_Requirement:_ Every line in the data below from the one containing "Right Frontal Sinus" down to the one containing "杭州美奧口腔牙齒矯正前的我", both included, must be retyped exactly; no other line is to appear.

_Data records:_
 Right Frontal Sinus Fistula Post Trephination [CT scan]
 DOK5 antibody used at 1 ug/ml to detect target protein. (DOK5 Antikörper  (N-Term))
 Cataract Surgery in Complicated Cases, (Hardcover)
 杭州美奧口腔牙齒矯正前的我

--

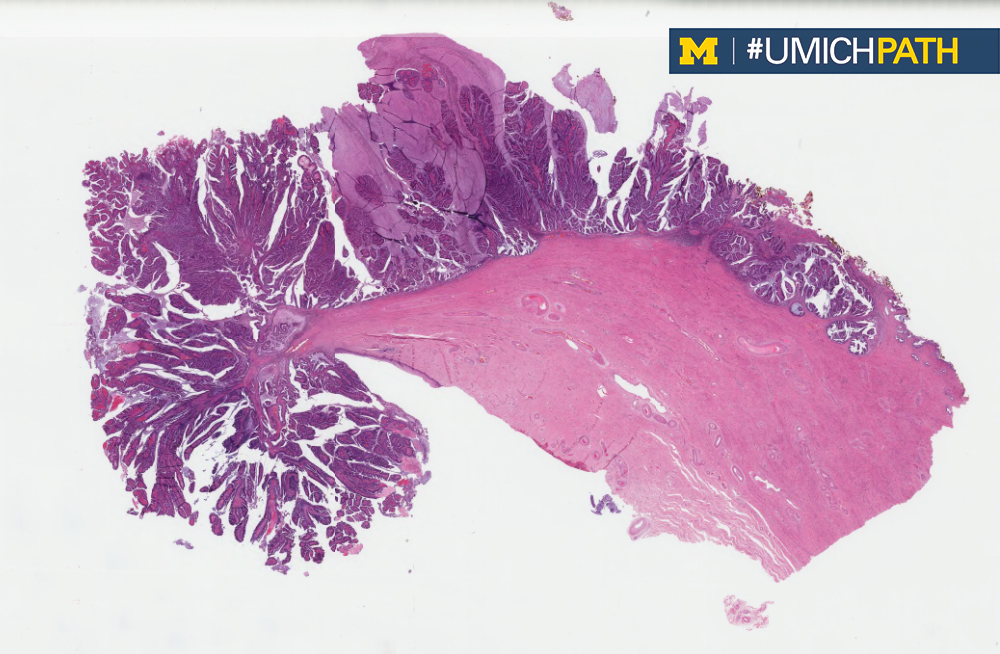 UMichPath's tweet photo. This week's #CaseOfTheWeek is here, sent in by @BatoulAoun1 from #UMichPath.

_Response to this exercise:_
 Right Frontal Sinus Fistula Post Trephination [CT scan]
 DOK5 antibody used at 1 ug/ml to detect target protein. (DOK5 Antikörper  (N-Term))
 Cataract Surgery in Complicated Cases, (Hardcover)
 杭州美奧口腔牙齒矯正前的我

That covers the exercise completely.